[What to do] From the line containing "Decoratiune de perete, Buddha, Metal, Dimensiune: 50" down to the line containing "Michael Graves Postmodern", copy out the entries below exactly, both lines included, and nothing else; pictures do not belong in the copy.
[[ Material supplied, beginning ]]
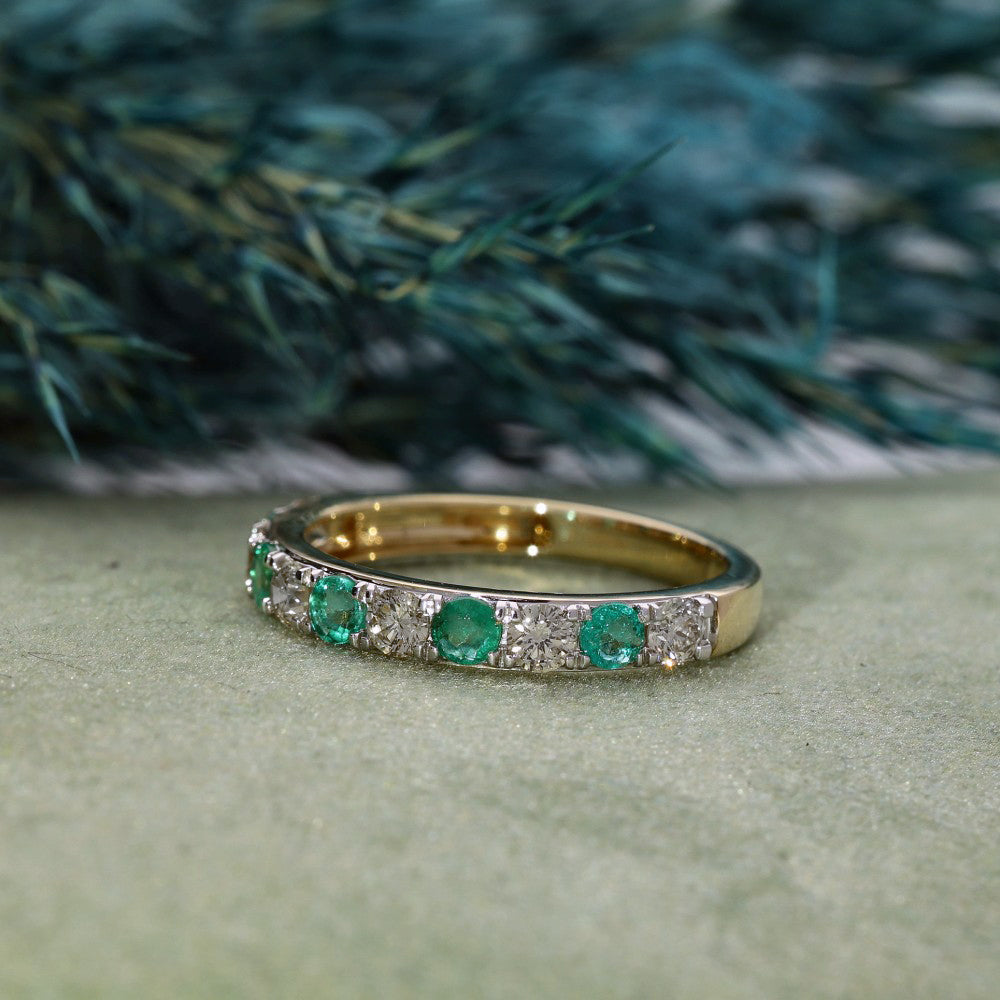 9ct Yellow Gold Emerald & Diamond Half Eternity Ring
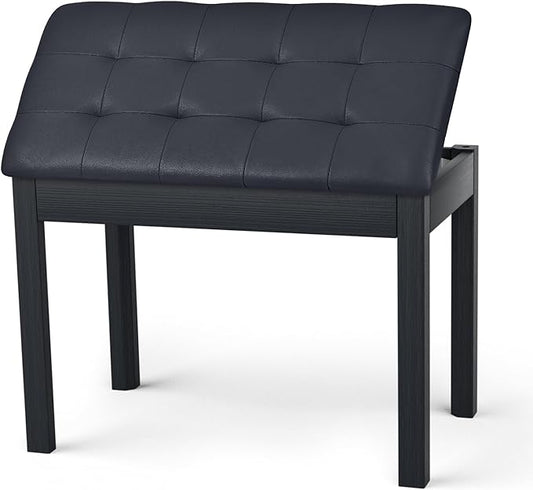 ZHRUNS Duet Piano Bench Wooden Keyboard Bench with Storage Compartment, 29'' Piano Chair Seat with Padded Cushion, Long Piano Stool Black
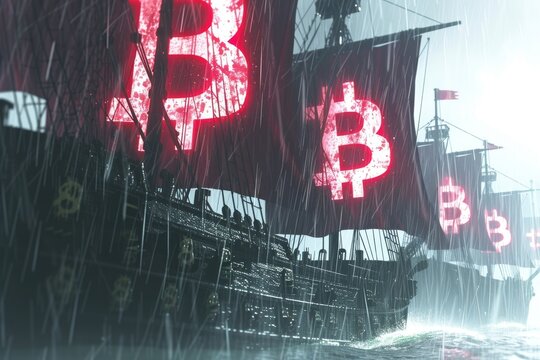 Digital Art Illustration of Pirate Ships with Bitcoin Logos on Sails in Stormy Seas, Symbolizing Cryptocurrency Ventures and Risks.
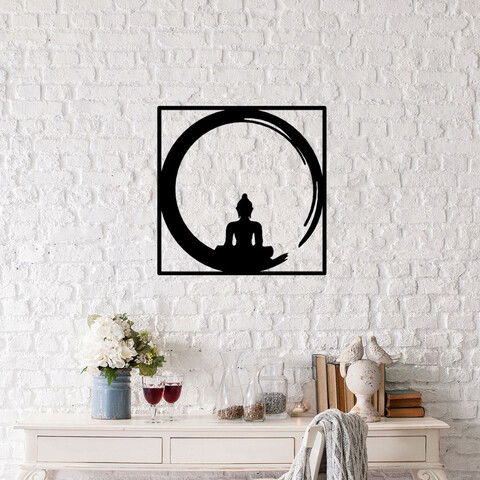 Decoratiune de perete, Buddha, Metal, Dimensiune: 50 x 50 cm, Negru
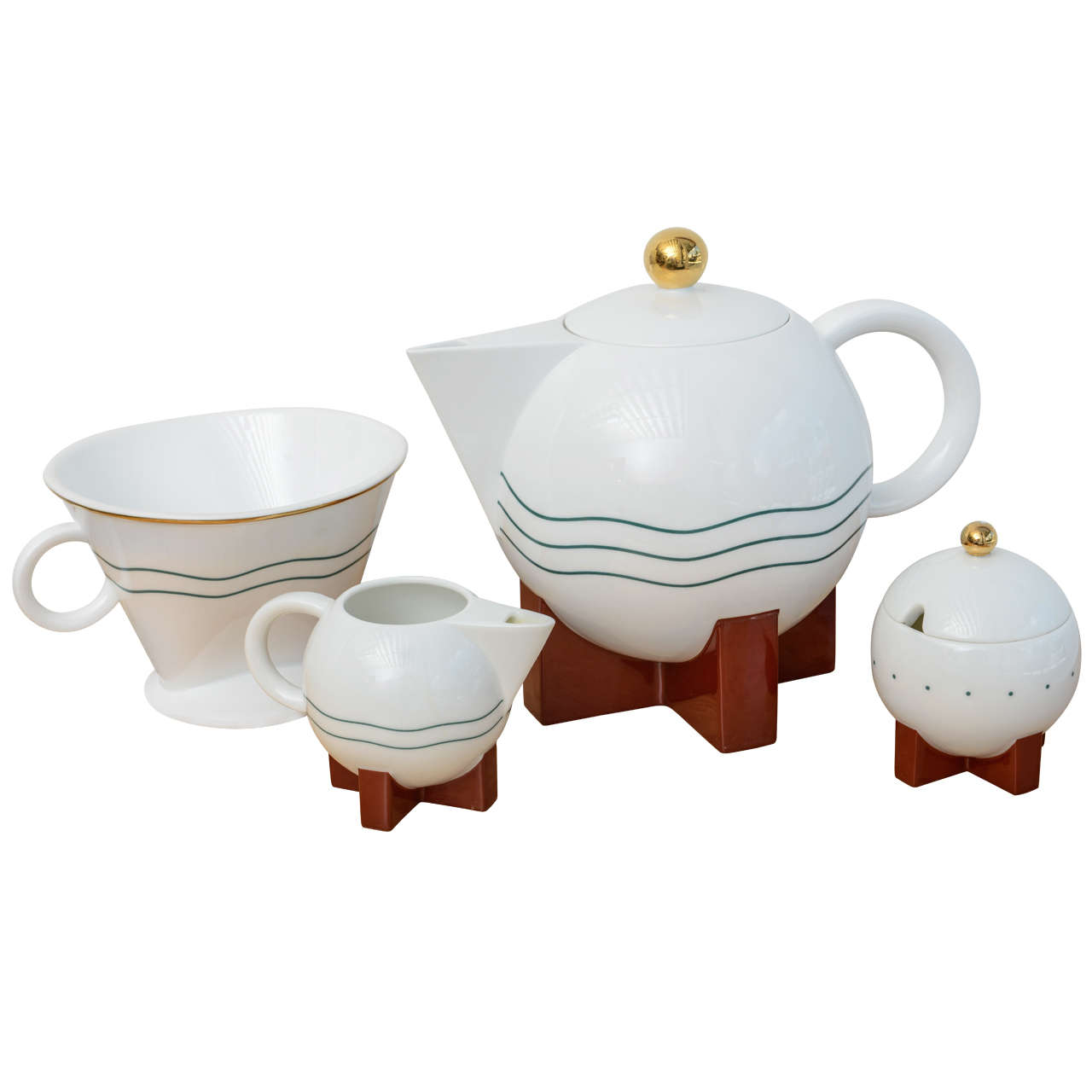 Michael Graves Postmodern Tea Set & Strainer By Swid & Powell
[[ Material supplied, end ]]
[[ Material supplied, beginning ]]
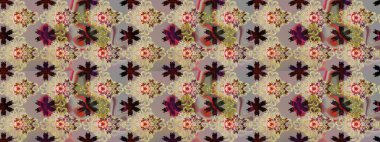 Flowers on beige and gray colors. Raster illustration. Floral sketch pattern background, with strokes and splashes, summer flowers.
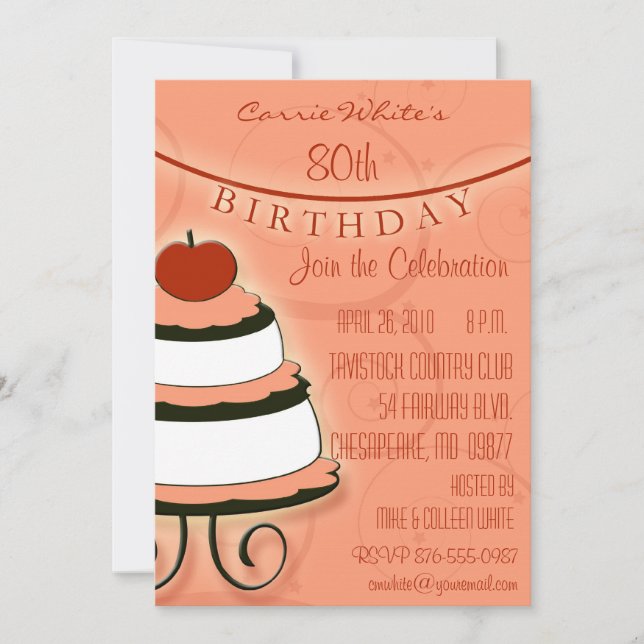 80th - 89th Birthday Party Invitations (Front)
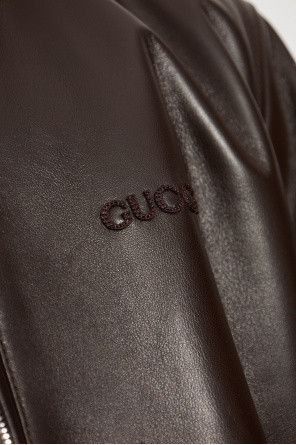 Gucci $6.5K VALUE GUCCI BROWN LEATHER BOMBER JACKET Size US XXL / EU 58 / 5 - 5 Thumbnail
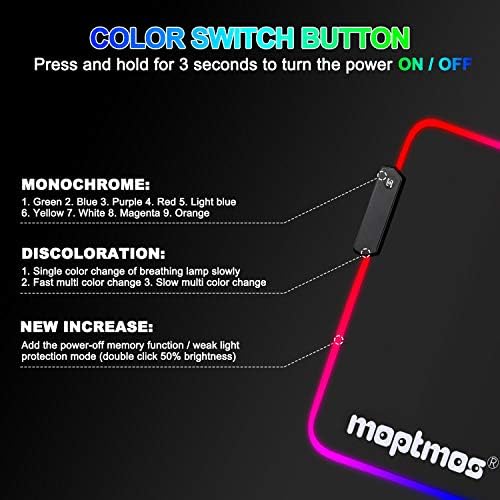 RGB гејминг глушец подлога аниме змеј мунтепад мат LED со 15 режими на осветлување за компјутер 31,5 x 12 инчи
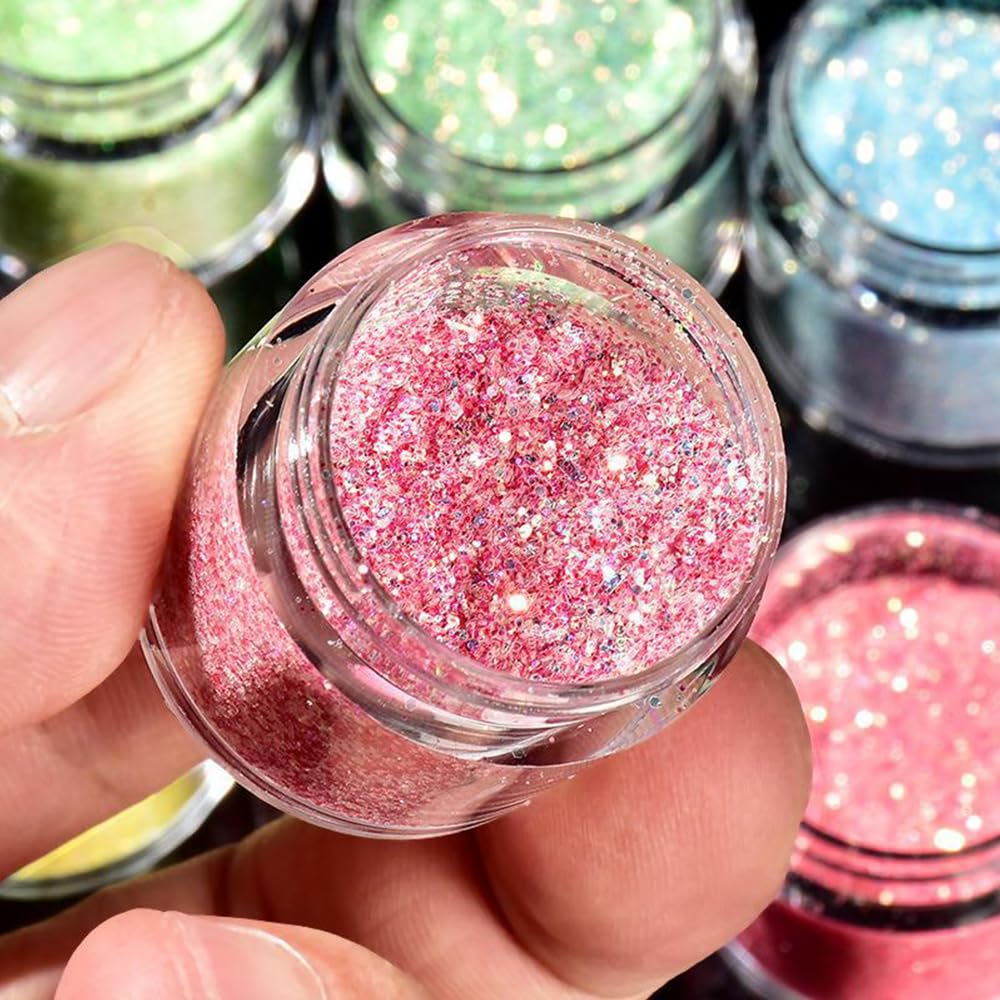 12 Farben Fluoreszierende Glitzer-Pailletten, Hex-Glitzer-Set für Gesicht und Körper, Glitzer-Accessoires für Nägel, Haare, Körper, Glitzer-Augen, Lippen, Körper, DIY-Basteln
[[ Material supplied, end ]]
[[ Material supplied, beginning ]]
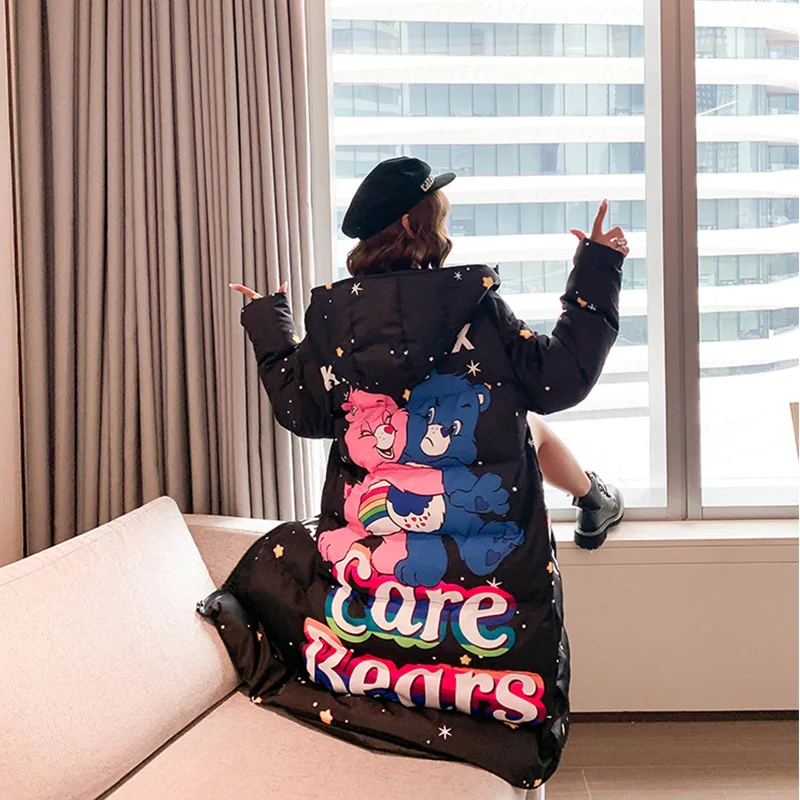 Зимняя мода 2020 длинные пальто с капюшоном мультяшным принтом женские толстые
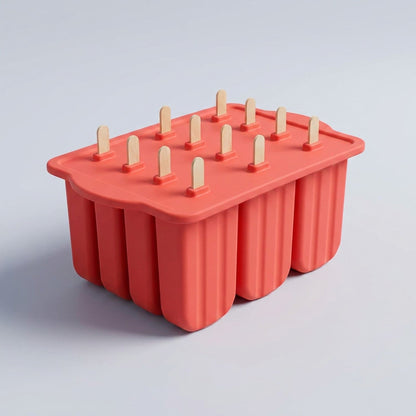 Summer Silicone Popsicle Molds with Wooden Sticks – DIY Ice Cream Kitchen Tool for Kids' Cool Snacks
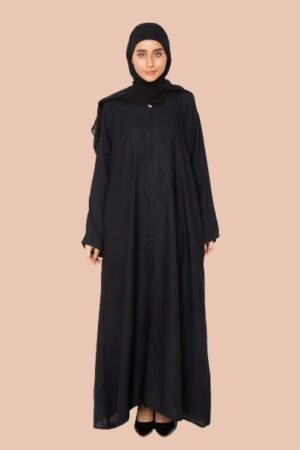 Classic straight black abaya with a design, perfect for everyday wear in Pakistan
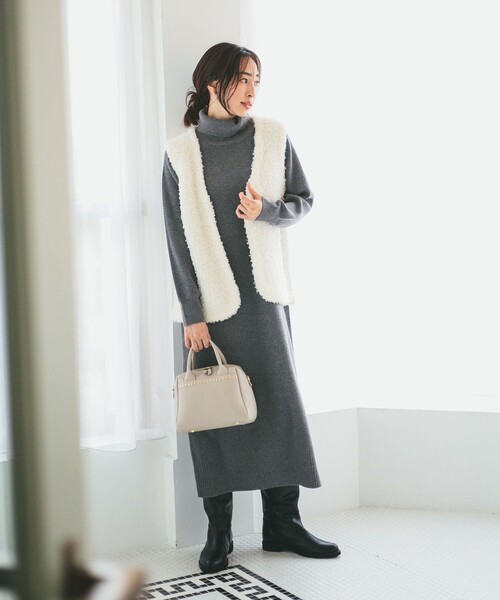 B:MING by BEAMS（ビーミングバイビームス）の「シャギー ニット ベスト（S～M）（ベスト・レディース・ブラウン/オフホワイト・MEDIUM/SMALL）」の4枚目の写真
[[ Material supplied, end ]]
[Reply to the exercise]
 Decoratiune de perete, Buddha, Metal, Dimensiune: 50 x 50 cm, Negru
 Michael Graves Postmodern Tea Set & Strainer By Swid & Powell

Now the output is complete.